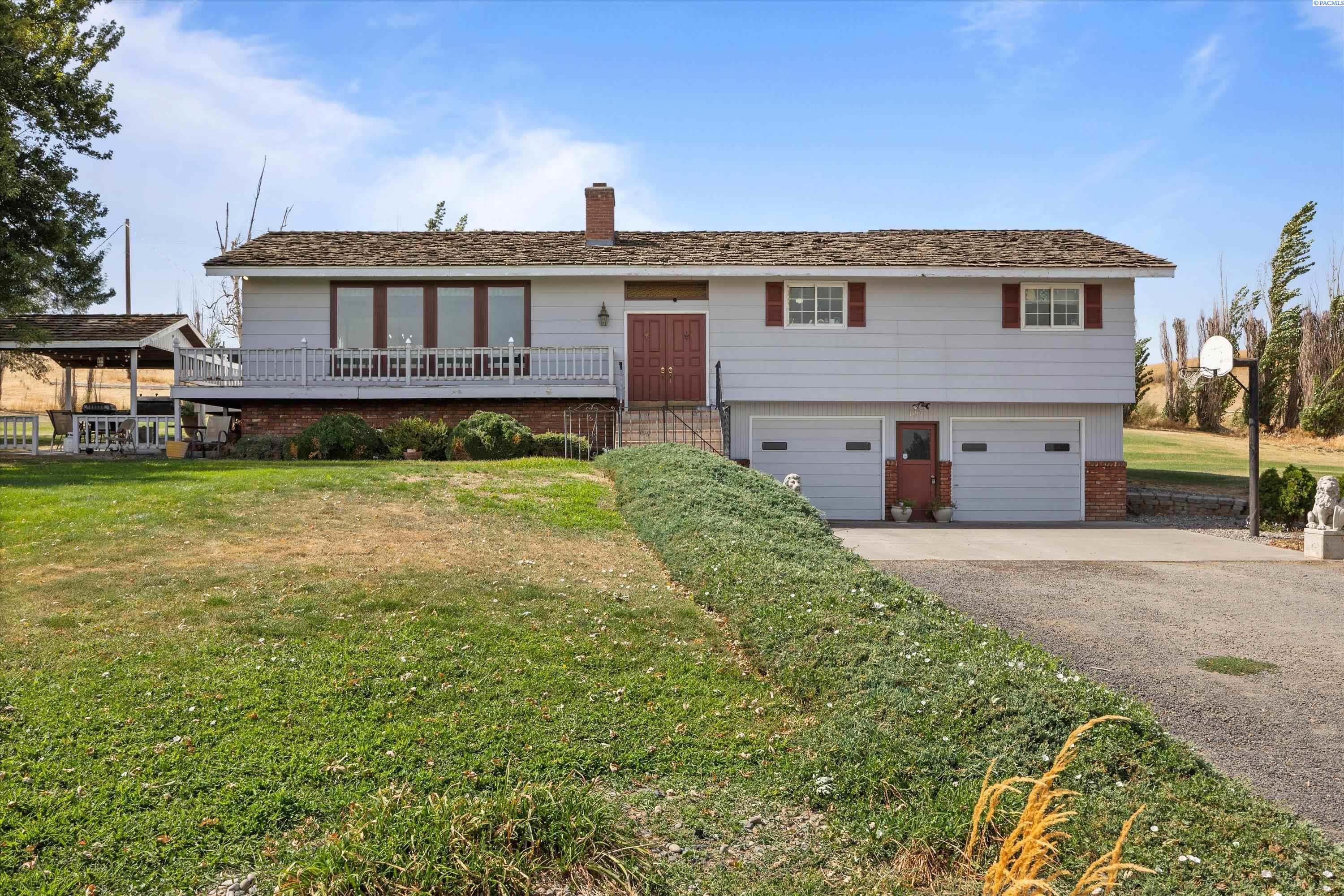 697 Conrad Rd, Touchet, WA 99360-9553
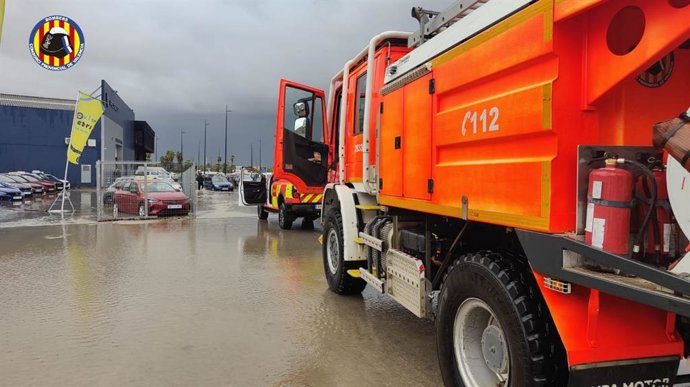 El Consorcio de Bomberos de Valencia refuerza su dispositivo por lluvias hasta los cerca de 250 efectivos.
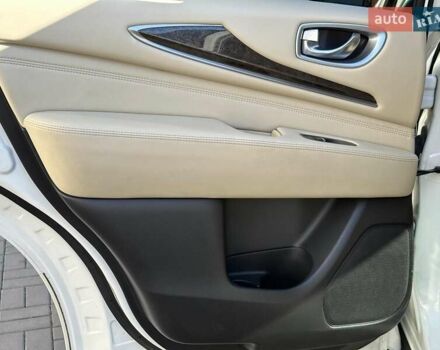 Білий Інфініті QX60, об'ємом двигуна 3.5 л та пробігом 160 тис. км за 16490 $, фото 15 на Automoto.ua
==
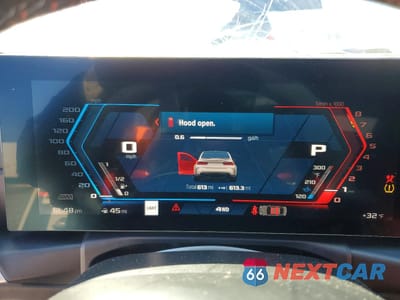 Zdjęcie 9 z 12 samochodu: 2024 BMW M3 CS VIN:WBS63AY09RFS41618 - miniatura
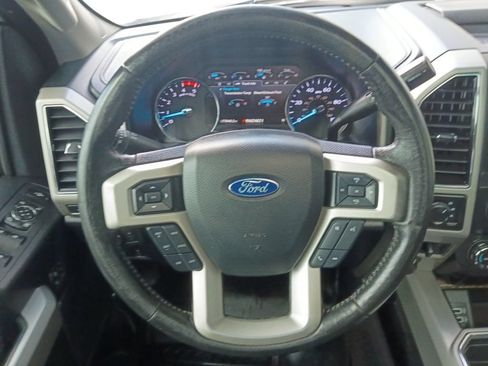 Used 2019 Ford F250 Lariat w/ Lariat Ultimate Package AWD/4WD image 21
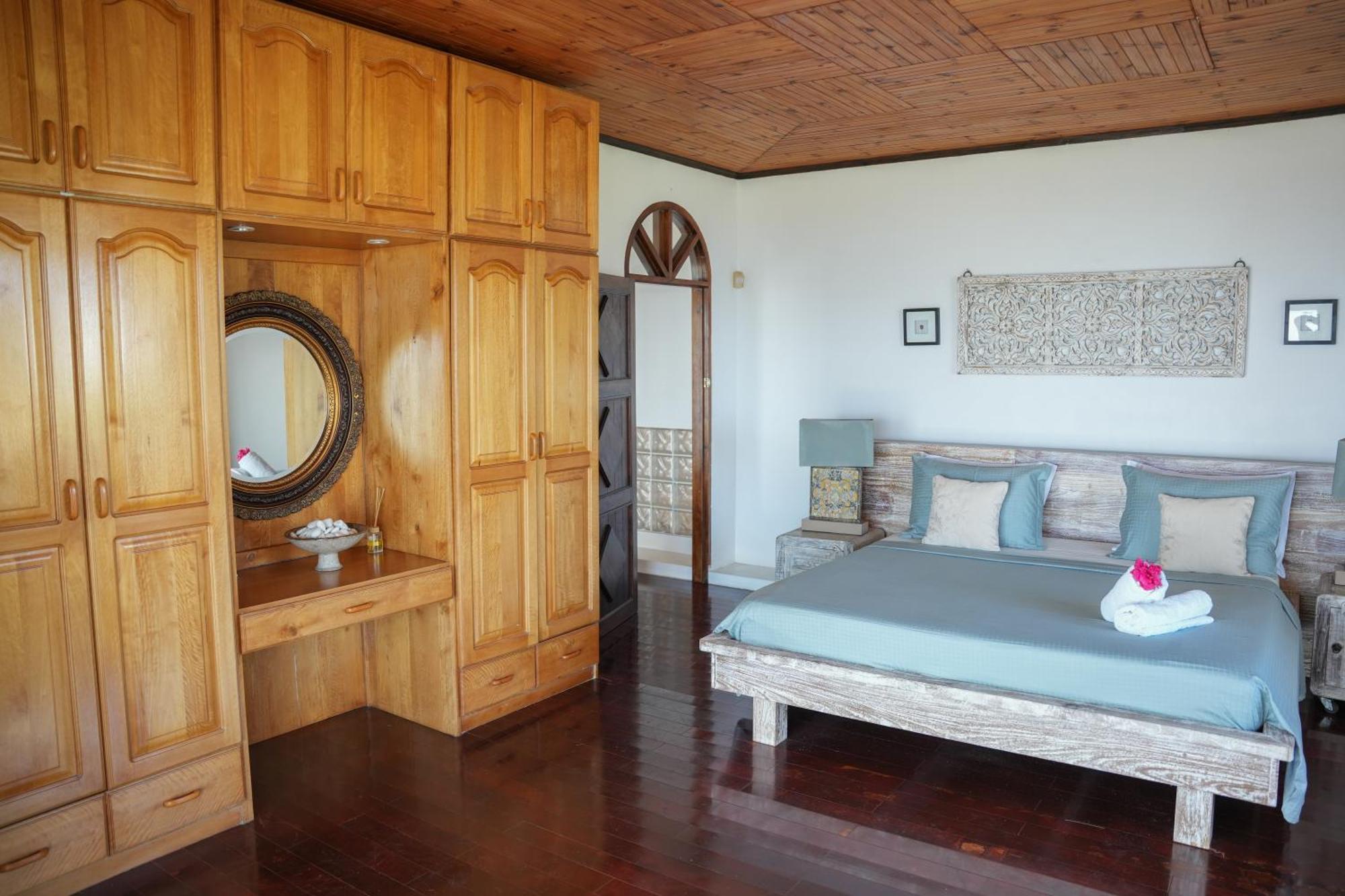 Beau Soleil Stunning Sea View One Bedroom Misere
==
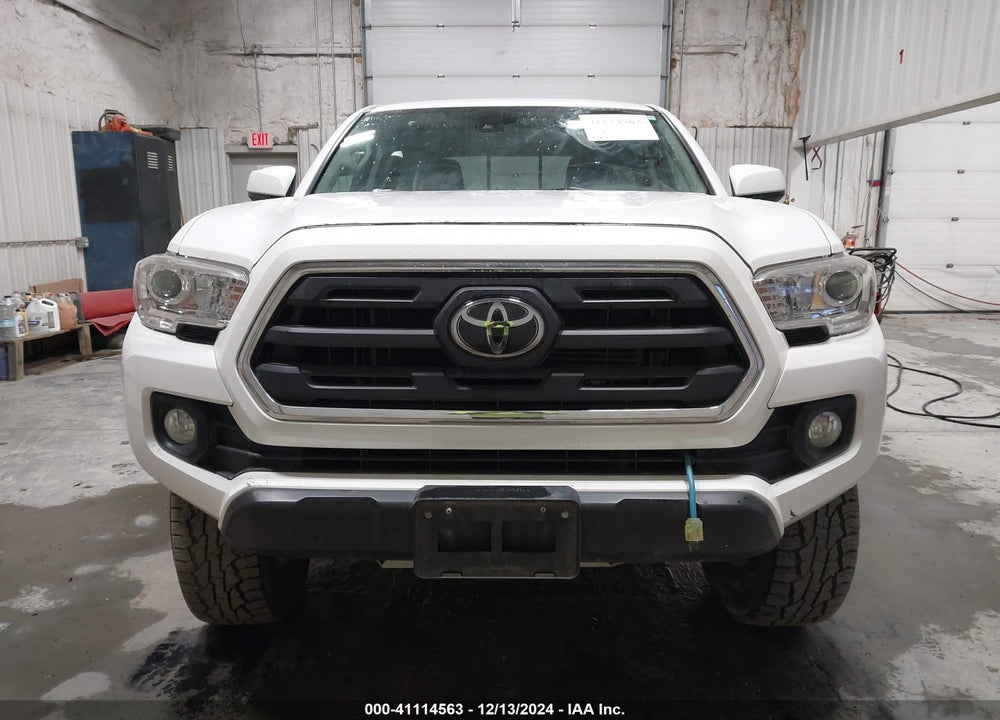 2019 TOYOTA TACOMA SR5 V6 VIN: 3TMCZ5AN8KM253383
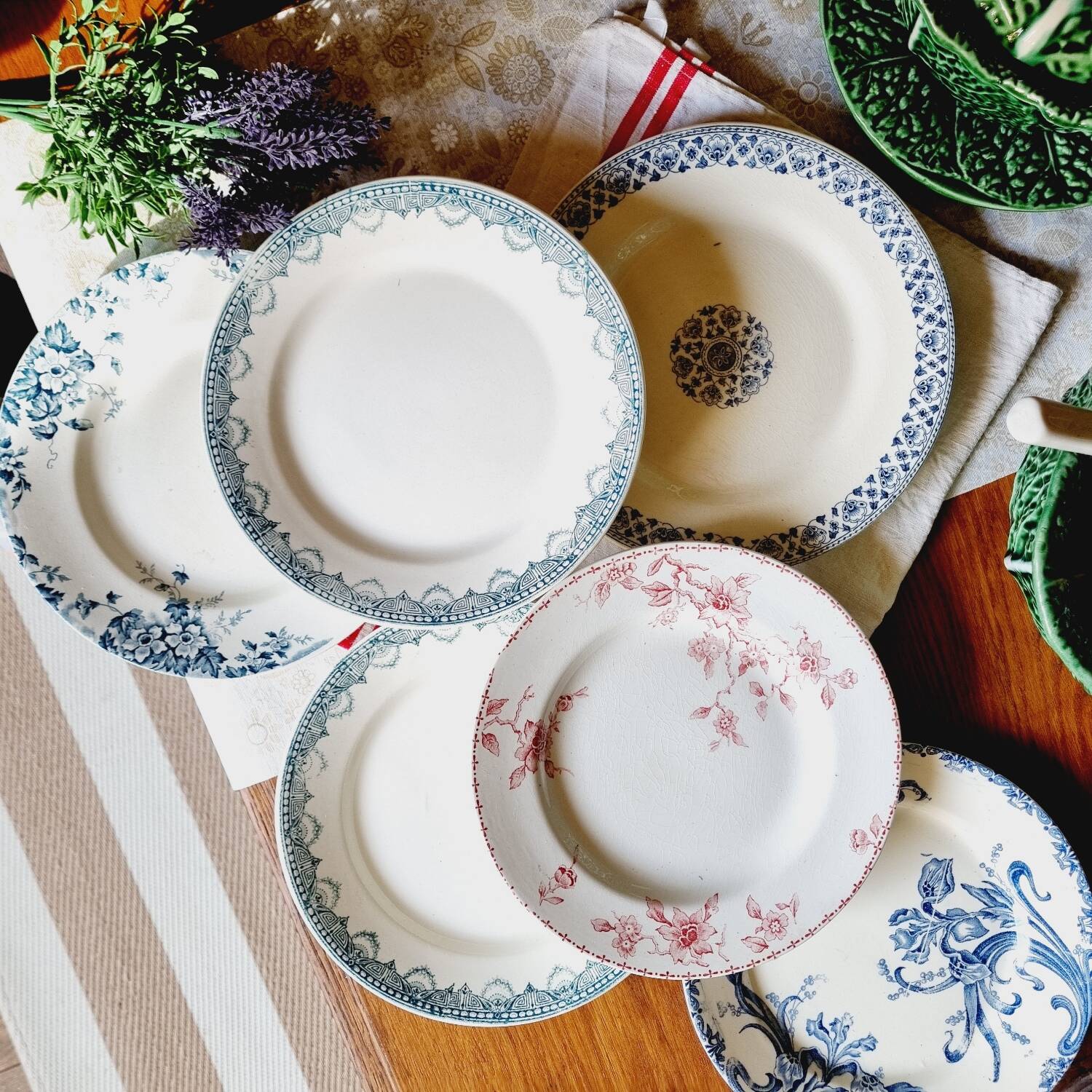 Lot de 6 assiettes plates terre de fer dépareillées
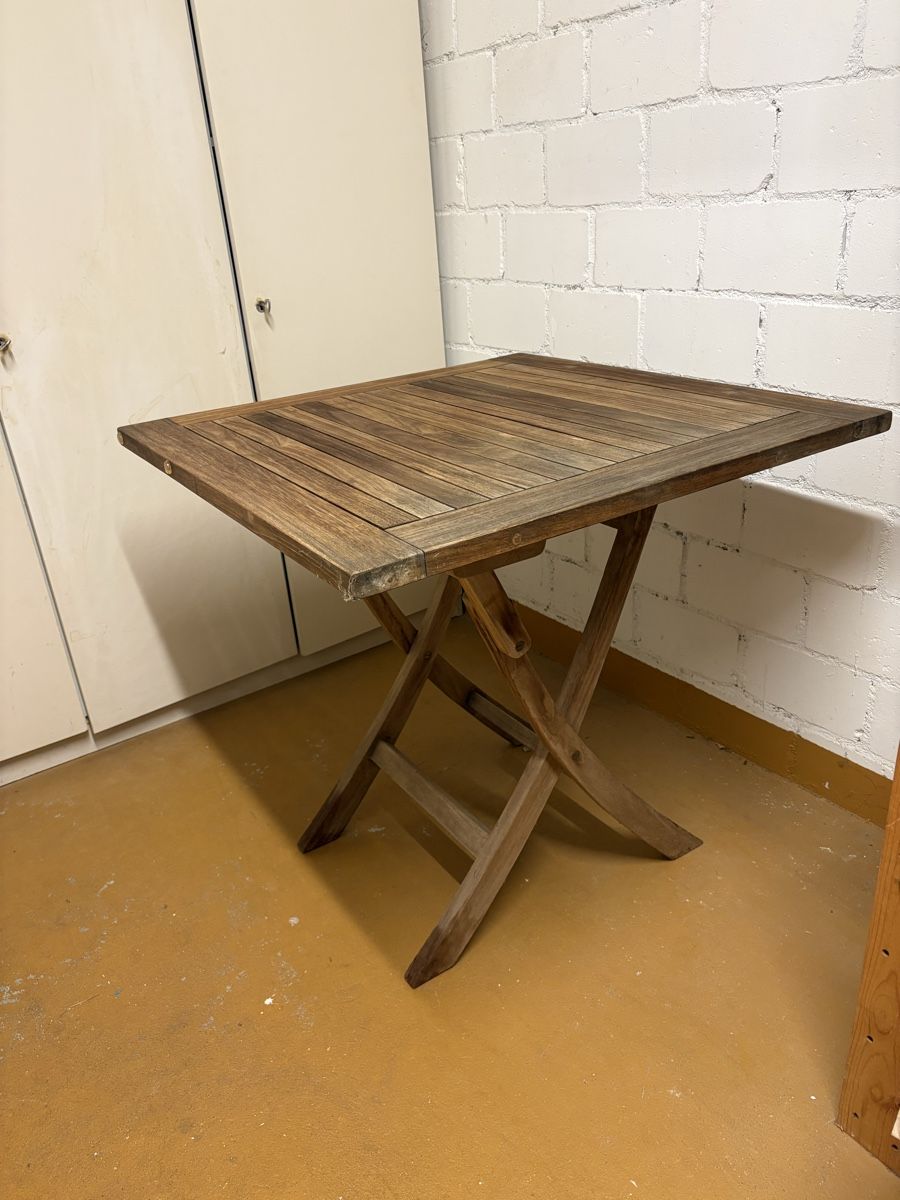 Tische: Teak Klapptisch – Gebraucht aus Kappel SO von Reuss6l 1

■ **The problem**
The material above holds pictures; leave them out. Repeat exactly the lines from the one containing "697 Conrad Rd, Touchet, WA 99360-9553" through the one containing "Білий Інфініті QX60, об'ємом", and nothing else.

■ **Completed task**
 697 Conrad Rd, Touchet, WA 99360-9553
 El Consorcio de Bomberos de Valencia refuerza su dispositivo por lluvias hasta los cerca de 250 efectivos.
 Білий Інфініті QX60, об'ємом двигуна 3.5 л та пробігом 160 тис. км за 16490 $, фото 15 на Automoto.ua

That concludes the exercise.